I am looking to charter a sailboat in BVI in October and thought that it would be prudent to get "hurricane insurance". But having hard time finding any information regarding it. Does anybody has any experience get separate "hurricane insurance" for charter or it is a part of "normal" travel insurance?


----------



## Subaqua (Jul 14, 2013)

Are you talking hurricane insurance so if your flight gets cancelled or if you can't take the boat off the dock.. or for possible damage to the boat you are chartering?


----------



## alex_sauvage (Aug 31, 2012)

Subaqua said:


> Are you talking hurricane insurance so if your flight gets cancelled or if you can't take the boat off the dock.. or for possible damage to the boat you are chartering?


Mostly about inability to leave the dock due to the coming storm, or if charter company will recall boats back due to the same reason. I am pretty sure they won't want their boat out with the hurricane coming (neither I want to be caught out there in the real storm). Flight delay can be covered by "normal" travel insurance


----------



## Subaqua (Jul 14, 2013)

On that I'm not sure, I see with the company I'm with, if they cancel, you will get a credit towards another charter, but if you cancel due to weather, it's considered cancelled and their cancellation policy comes into effect.


----------



## alex_sauvage (Aug 31, 2012)

Subaqua said:


> On that I'm not sure, I see with the company I'm with, if they cancel, you will get a credit towards another charter, but if you cancel due to weather, it's considered cancelled and their cancellation policy comes into effect.


I just assume that if there named storm in the area, charter company won't let you out in any case. Moreso , they probably will want to secure boat somehow, put it "on hard"


----------



## hellosailor (Apr 11, 2006)

If the charter company can't sell that insurance to you, or include it in your package, or refer you to someone that can sell it...

Wouldn't that be a good reason to check out other companies that provide a little more customer service?


----------



## alex_sauvage (Aug 31, 2012)

hellosailor said:


> If the charter company can't sell that insurance to you, or include it in your package, or refer you to someone that can sell it...
> 
> Wouldn't that be a good reason to check out other companies that provide a little more customer service?
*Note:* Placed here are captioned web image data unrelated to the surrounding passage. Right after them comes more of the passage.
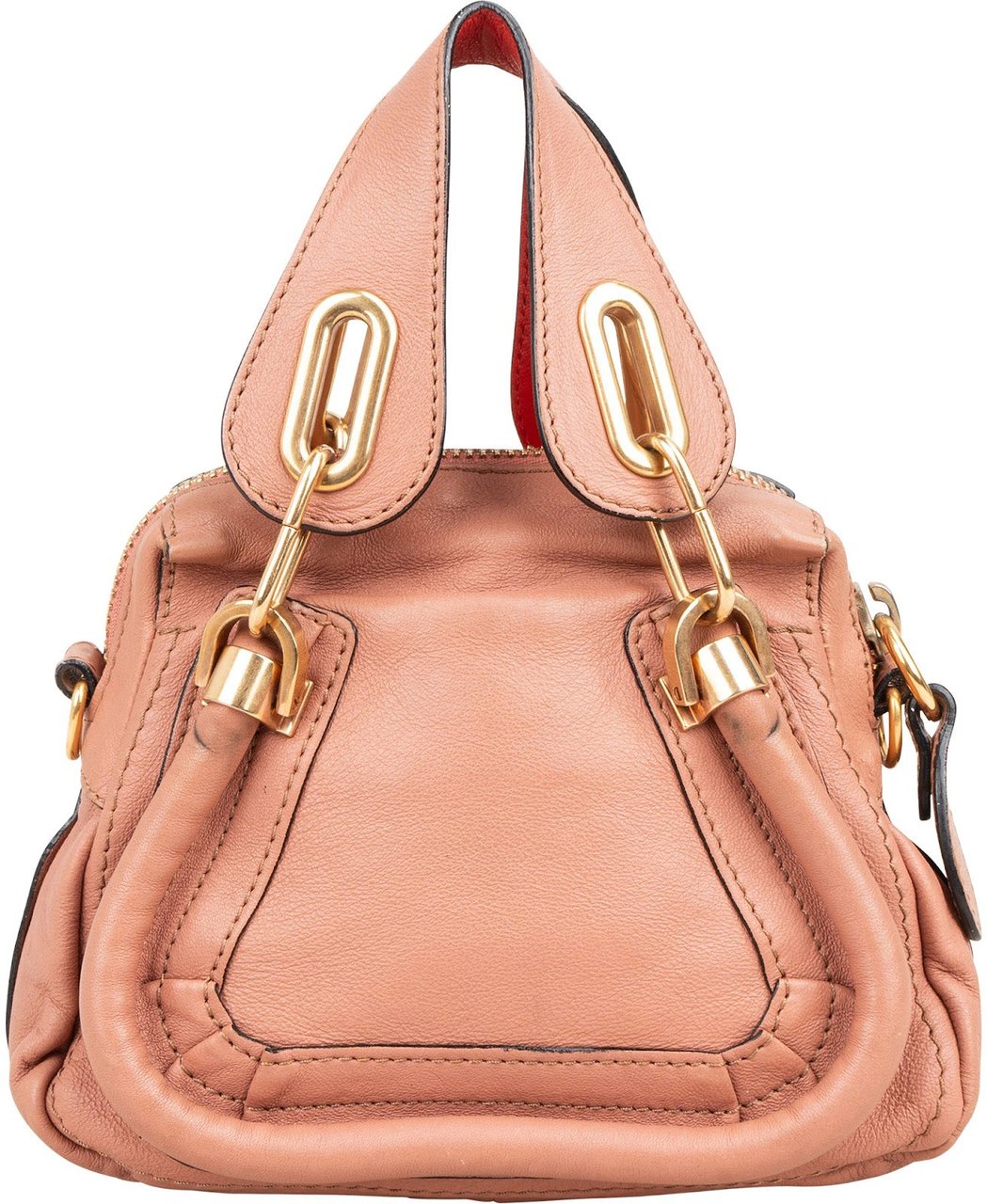 Chloé Grained Leather Paraty Mini Handbag Rood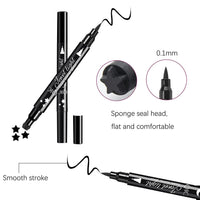 Eyeliner Stamp-OCHILIMA Double-sided Liquid Eyeliner Pen with Eye Makeup Stamp, Waterproof, Double Sided & Long Lasting Seal Tattoo Makeup Tool Red Black Stamp Pen (Red star Black love)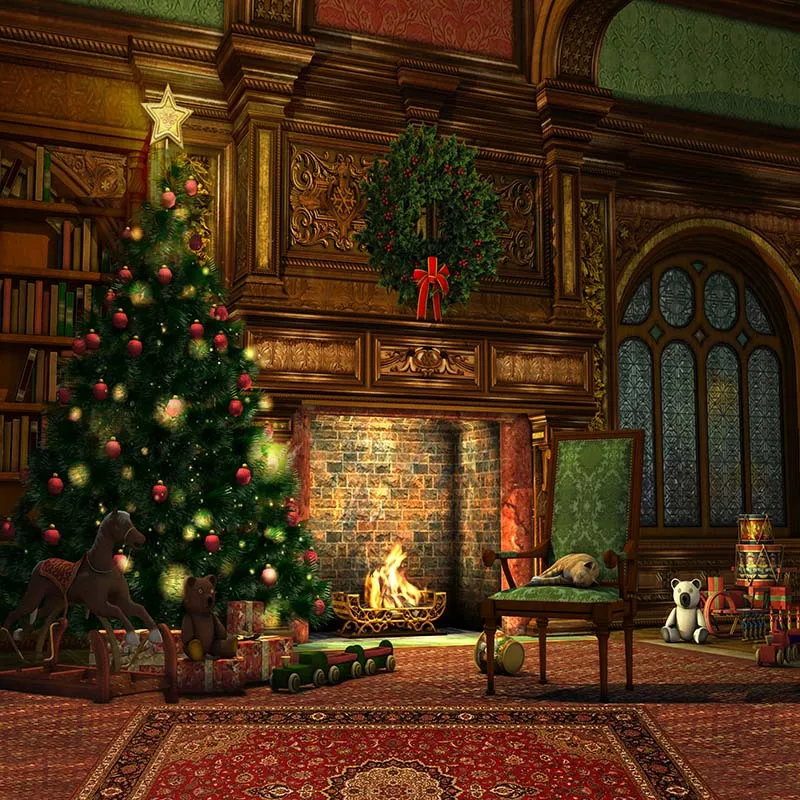 

Indoor Fireplace Green Garland Christmas Tree Backdrop Printed Toy Bear Wooden Horse Kids Family Party Photo Booth Background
Maybe... but even if charter company would refer me to some other business I probably would seek second opinion (if possible). Would you choose your auto insurance company based on car dealership recommendation or you will try to get another opinion and talk to your friends??


----------



## hellosailor (Apr 11, 2006)

I'd certainly try to get multiple referrals, but asking someone who deals with an issue all the time isn't always a bad place to start. Travel agencies (are there are left?) often sell trip insurance, and they often know they've got to be competitive at it, too.

There's also an advantage to buying everything in one package, from one vendor. They can't point you to the other guy and say "Not my problem" when the whole package IS their problem. That could easily outweigh a couple of bucks.


----------